Exercise:
Print exactly the lines below between the line containing "I thought you'd" and the line containing "Well, because we're", counting both of those lines. Leave pictures out.

Data:
□ □ □ □ □ □ □
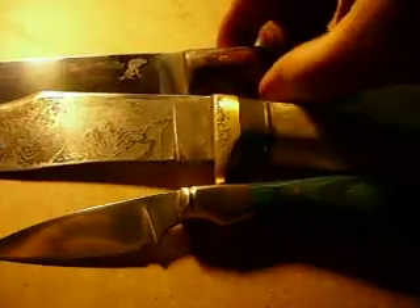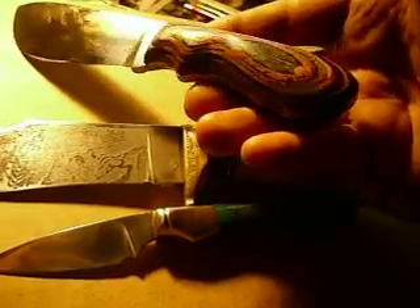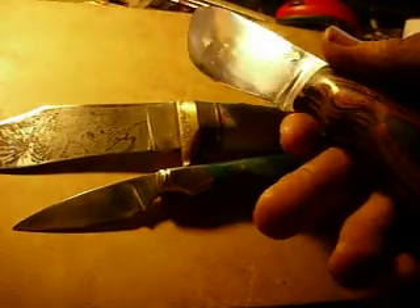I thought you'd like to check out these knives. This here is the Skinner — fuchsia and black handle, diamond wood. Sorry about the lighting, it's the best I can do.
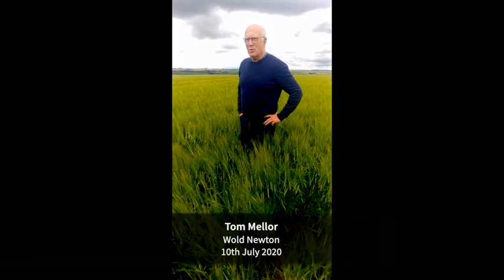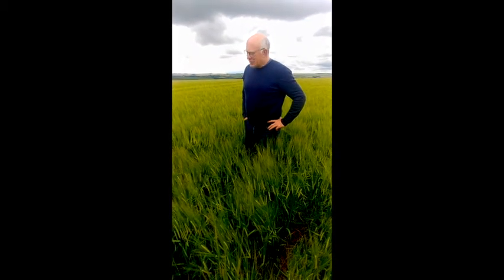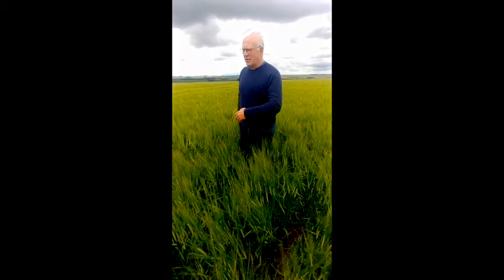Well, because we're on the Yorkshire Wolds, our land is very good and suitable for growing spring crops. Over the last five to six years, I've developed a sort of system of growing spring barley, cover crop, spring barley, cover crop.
□ □ □ □ □ □ □
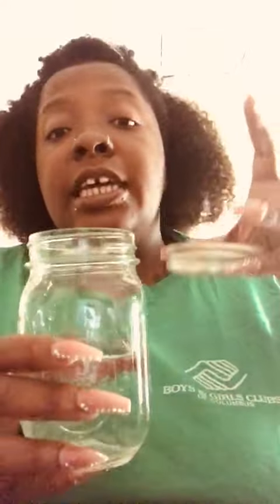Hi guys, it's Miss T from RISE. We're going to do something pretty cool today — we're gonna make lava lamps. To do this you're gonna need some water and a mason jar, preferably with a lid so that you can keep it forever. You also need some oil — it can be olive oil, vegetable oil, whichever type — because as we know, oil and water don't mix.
□ □ □ □ □ □ □
Written answer:
I thought you'd like to check out these knives. This here is the Skinner — fuchsia and black handle, diamond wood. Sorry about the lighting, it's the best I can do.
Well, because we're on the Yorkshire Wolds, our land is very good and suitable for growing spring crops. Over the last five to six years, I've developed a sort of system of growing spring barley, cover crop, spring barley, cover crop.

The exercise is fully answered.